Matt M.
Matt M.

Reputation: 822

preg_match_all: Include non-ASCII characters

I have a preg_match_all to search for words in a paragraph. It does not find Cyrillic characters, etc. How can I alter this to do all types of characters (English, Cyrillic, accented characters, etc.):

preg_match_all( '/\b' . $testWord .'\b/i', $content, $matches, PREG_OFFSET_CAPTURE );

I have tried just adding u to the end of the regex and that seems like a solution but I am asking here to see if that is the best practice or if there is a better way to do the regex I am showing.

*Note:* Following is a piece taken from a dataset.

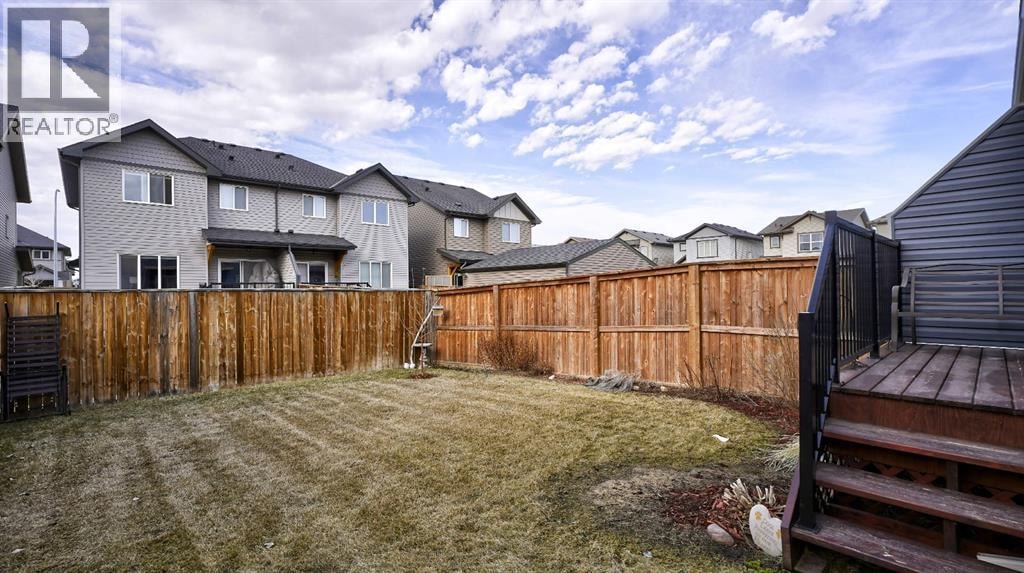 135 Reunion Loop NW — photo 38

preg_match_all( '/\b' . $testWord .'\b/iu', $content, $matches, PREG_OFFSET_CAPTURE );

Thank you

Upvotes: 0

Views: 323

Answers (1)

user3942918
user3942918

Reputation: 26385

Unfortunately even with the u modifier the word boundary shorthand \b can act up (i.e. not match where you'd expect it to.) You'll want to replace them with negative lookarounds to check for \pL (any letter) or \pM (any combining accent mark.)

Like so:

preg_match_all(
    '/(?<![\pL\pM])' . $testWord .'(?![\pL\pM])/iu',
    $content,
    $matches,
    PREG_OFFSET_CAPTURE
);

Upvotes: 2

Related Questions